Cette dernière était heureuse de rencontrer des jeunes dont, pour la majorité, le français n’est pas la première langue. « C’est dans ce genre de forum qu’on apprend à se connaitre et où on retrouve des occasions d’échanger en français », a-t-elle souligné.


Elle a profité de cette allocution pour présenter son parcours historique, de ces années au primaire loin de chez elle afin d’étudier en français, à ses études au Collège Saint-Jean, puis à titre d’enseignante et de doyenne de Saint-Jean avant d’être nommée au Sénat, par l’ancien premier ministre libéral Paul Martin, en 2005.

« Lorsque j’ai été nommée au Sénat, je me suis dit que j’allais pousser pour le respect des langues officielles et le respect de la dualité linguistique », avoue Mme Tardif. « Je voulais qu’il y ait un accès équitable à l’éducation, à la santé et à la justice en français », ajoute-t-elle.

La sénatrice a invité les jeunes à devenir de vrais ambassadeurs du bilinguisme. « Souvent, on entend, au Parlement et dans la société, que cela ne vaut pas la peine le respect de la dualité linguistique, que cela coute trop cher, qu’on serait mieux avec une seule langue officielle, l’anglais », dénonce-t-elle.

Les jeunes participants doivent jouer un rôle pour renverser cette tendance. « Gardez votre enthousiasme à l’égard du français. À votre retour dans vos régions, impliquez-vous, que ce soit à l’école ou à l’extérieur de celle-ci. Si un sujet touchant le bilinguisme fait l’actualité, faites vous entendre, écrivez dans votre journal. Si on reste silencieux, c’est à ce moment qu’on perd les gains réalisés », croit Claudette Tardif.

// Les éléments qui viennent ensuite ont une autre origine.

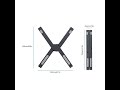 Office Laptop Stand Portable Laptop Stand Foldable Adjustable Notebook Stand For MacBook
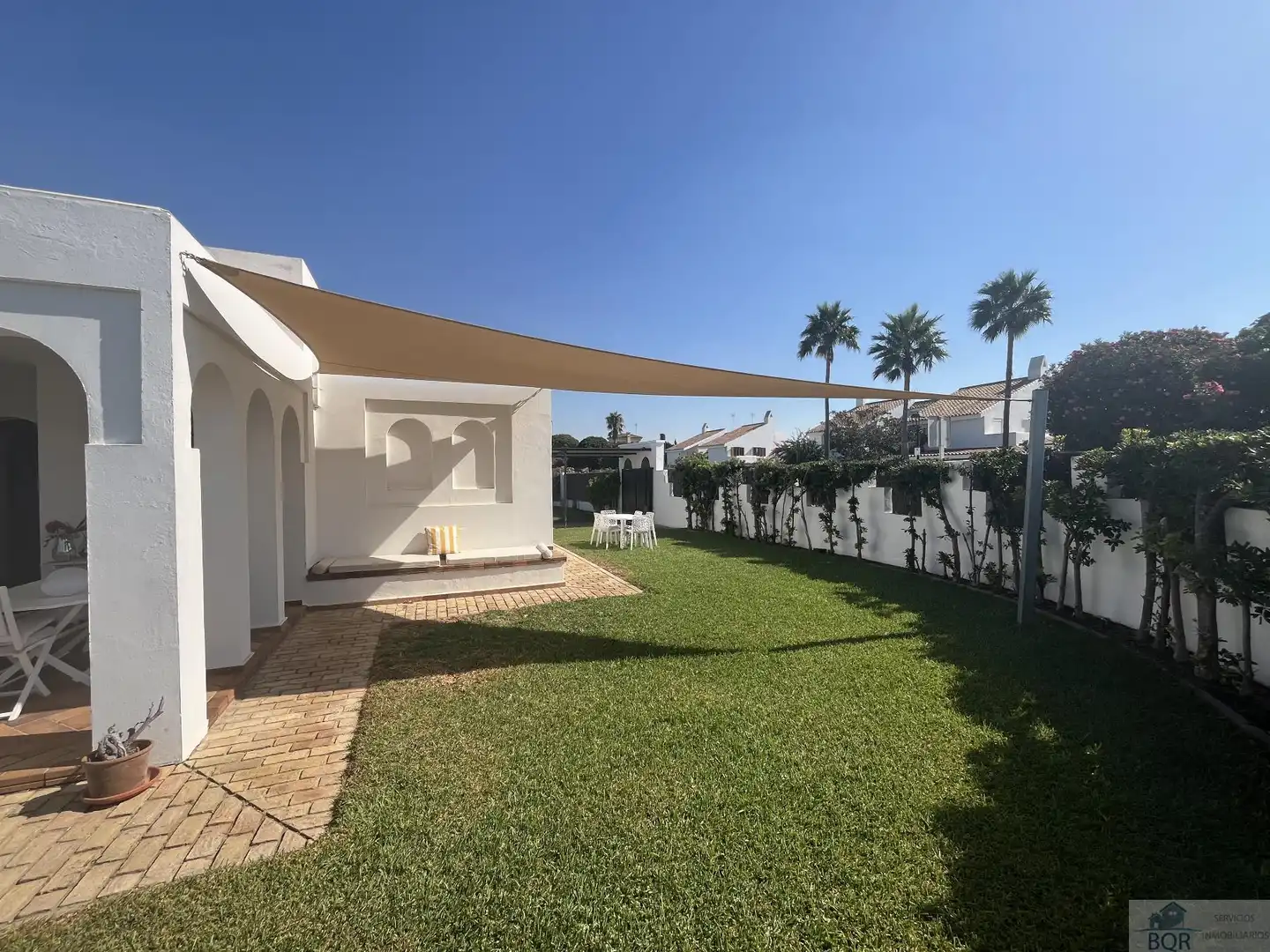 Jardín de Casa o chalet de alquiler en El Puerto de Santa María con Aire acondicionado, Calefacción y Terraza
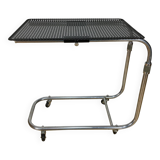 "L'Adap-Table" modular serving trolley, rigid and chrome, Matégot style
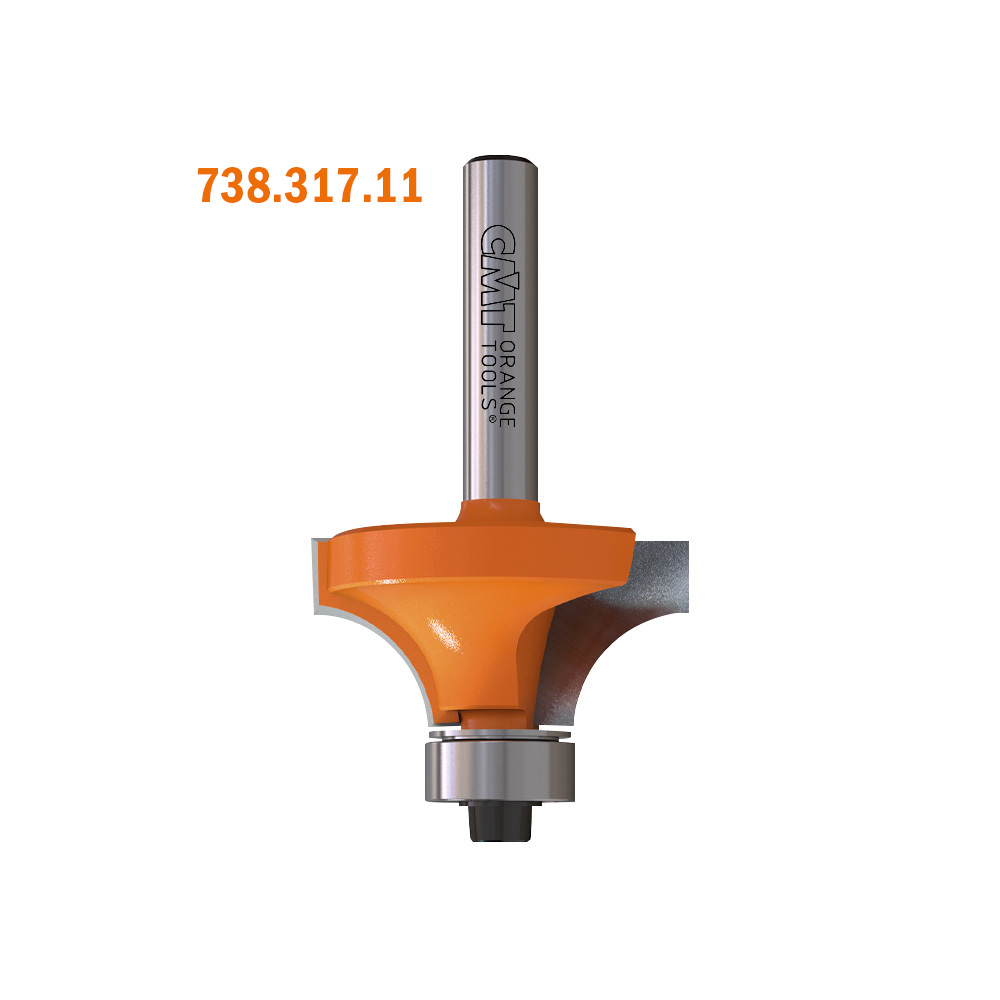 Roundover router bits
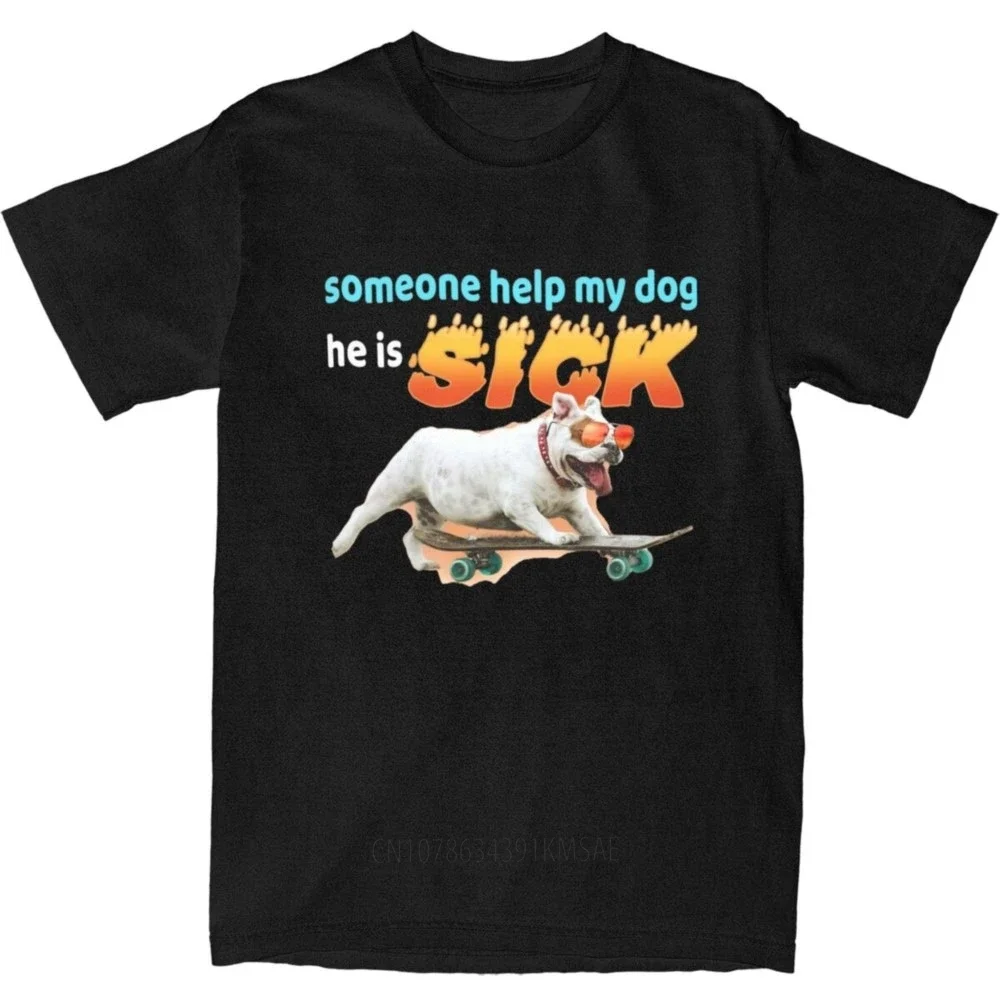 Men Women Funny Skater Dog Meme T-Shirts Apparel Fashion Cotton French Bulldog Skateboarding T Shirts Top Tee Clothes Unique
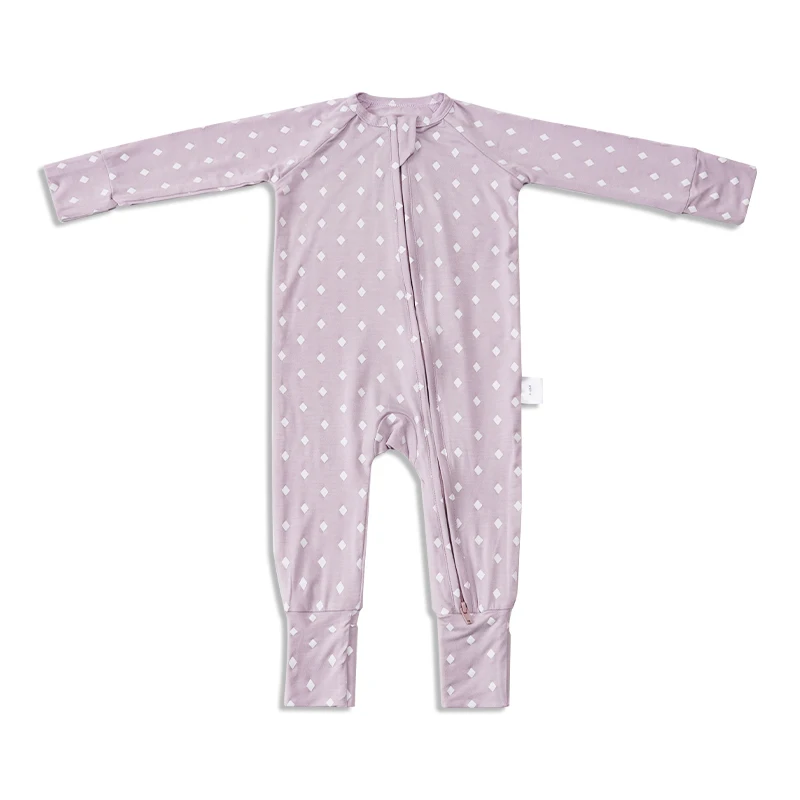 Organic bamboo baby romper pajamas baby onesie custom newborn zipper sleepsuit printed jumpsuit sleepwear babies infant clothes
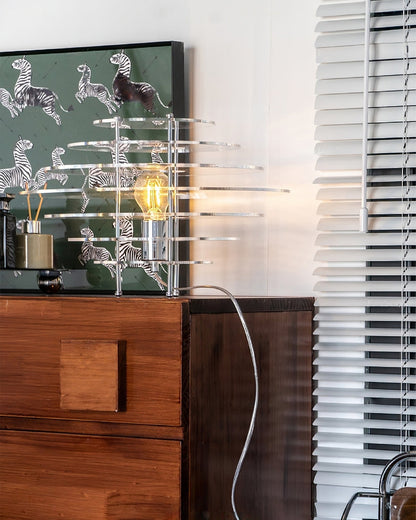 GalacticShine - Chrome Desk Lamp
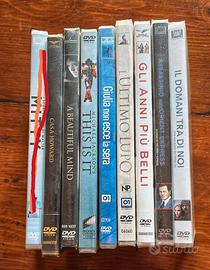 lotto 8 DVD nuovi ancora confezionati 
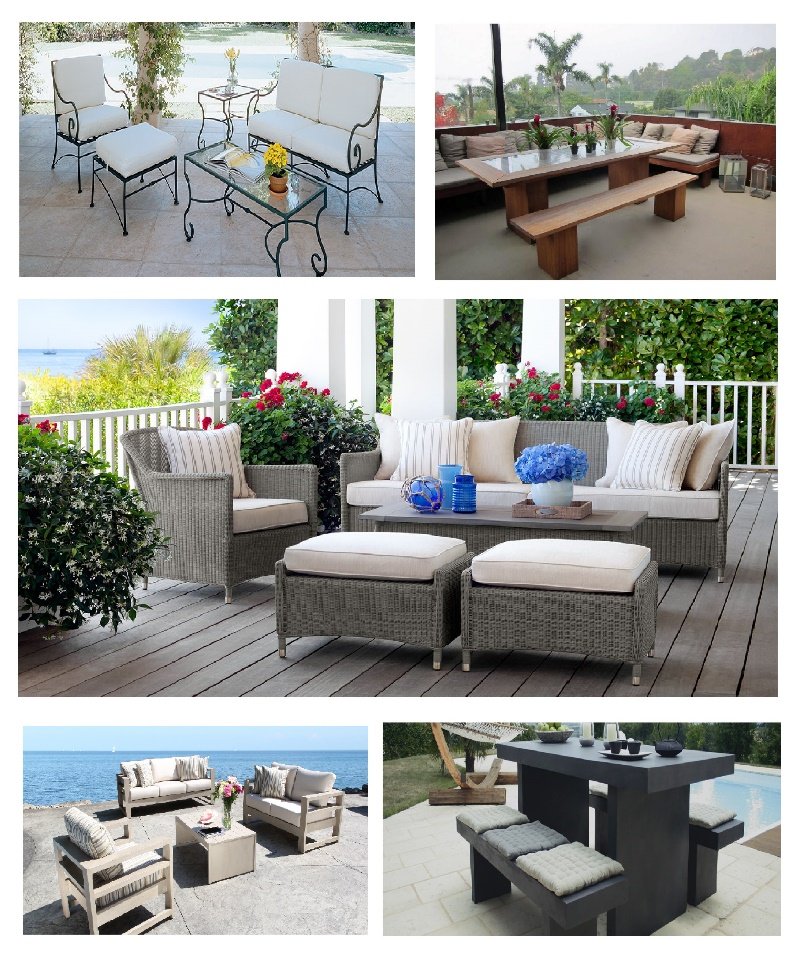 Different-outdoor-materials-of-garden-furniture Different outdoor materials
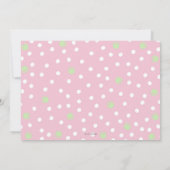 Cute Triceratops Dinosaur Tracks Girl Baby shower Kaart (Achterkant)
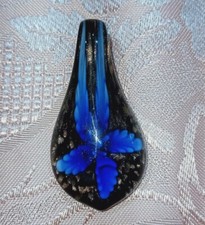 CIONDOLO GOCCIA---VETRO DI MURANO 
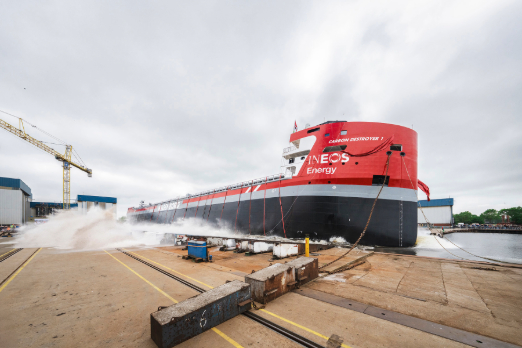 First European-Built CO2 Carrier Launched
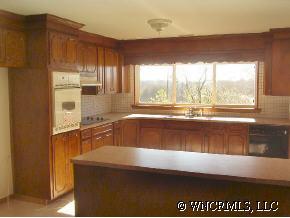 398 Dewitt Owens Road Rutherfordton, NC 28139 - Photo 7 of 12 a view of kitchen with wooden floor and cabinets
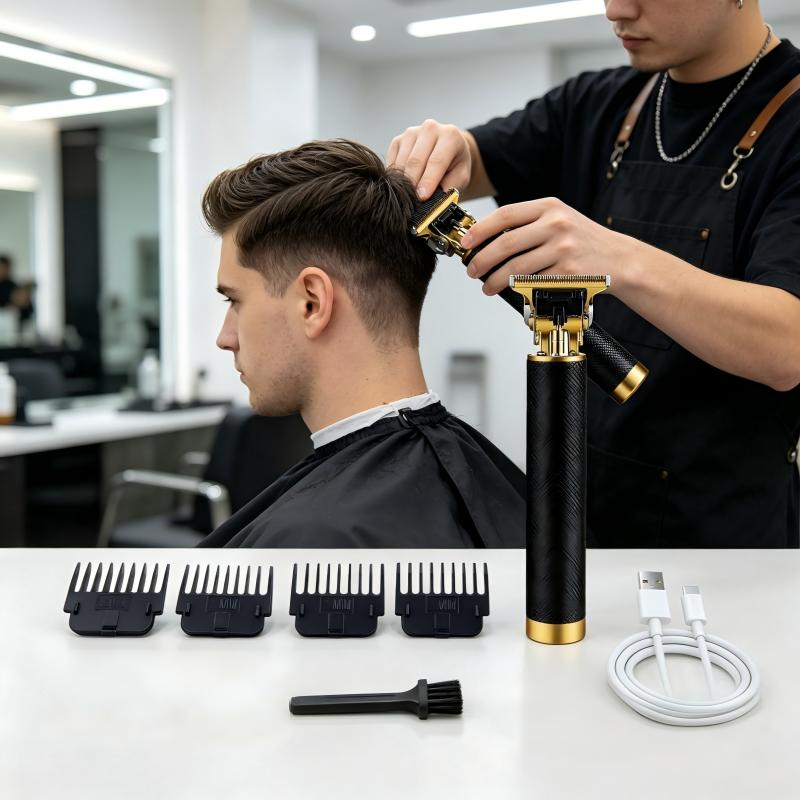 Home Barber - Textured Cordless Hair Trimmer USB Recharge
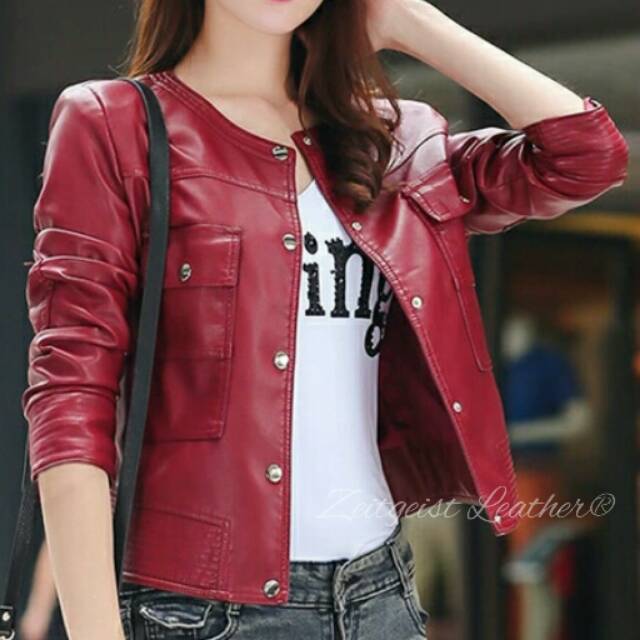 Jaket semi kulit wanita M85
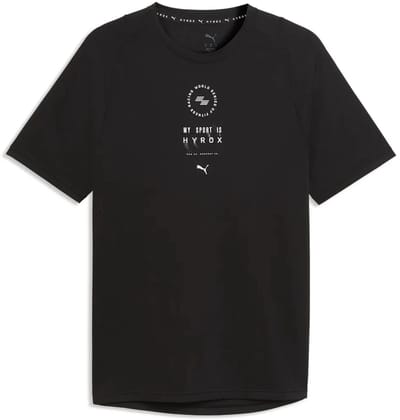 Puma X Hyrox Dryelite T-shirt Met Korte Mouwen Zwart 2XL Man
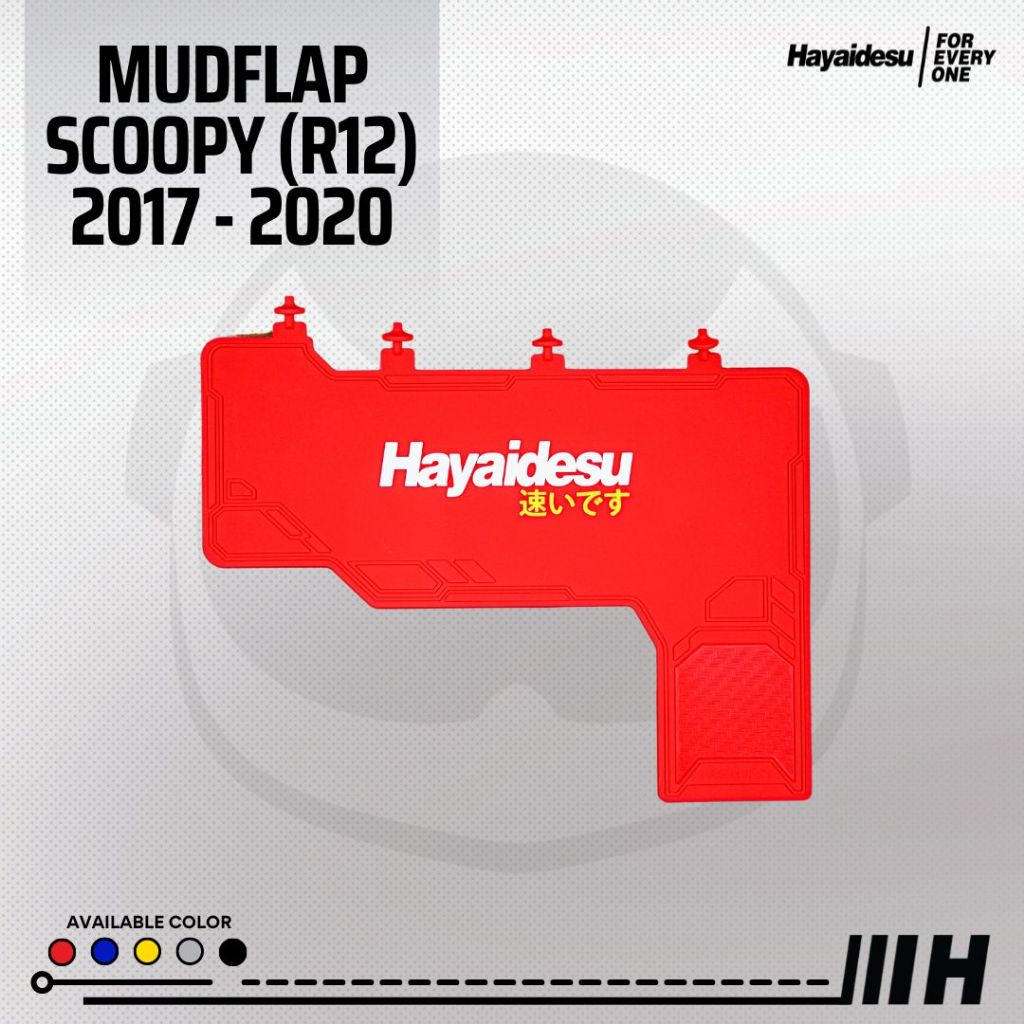 Hayaidesu MudFlap Scoopy Ring 12 (2017-2020)  Penahan Lumpur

Questionnée par un participant sur ce qui la pousse, chaque jour, à défendre les minorités linguistiques, la sénatrice estime que « lorsqu’on sait qu’on est dans la bonne voie, que c’est la bonne chose à faire, on trouve toujours la force de continuer à aller au bout de ses convictions », avance Mme Tardif.

Celle-ci admet cependant que ce n’est pas toujours facile, faisant notamment allusion aux débats entourant le bilinguisme des juges à la Cour suprême du Canada; projet de loi qu’elle défendait au Sénat, mais qui a été défait. « À ce moment, oui j’avais des appuis de quelques sénateurs, mais nous nous sentions très seuls », fait-elle remarquer
.
Claudette Tardif estime que le Forum national des jeunes ambassadeurs, comme toute autre activité où le bilinguisme est promu, permet aux leaders de demain de se doter d’outils pour briser les barrières.

« Vous voyez le français comme un passeport qui va briser les frontières et permettre de bâtir des ponts. Vous êtes des leaders chacun dans vos milieux respectifs. Vous allez faire une différence dans la société », soutient la sénatrice franco-albertaine.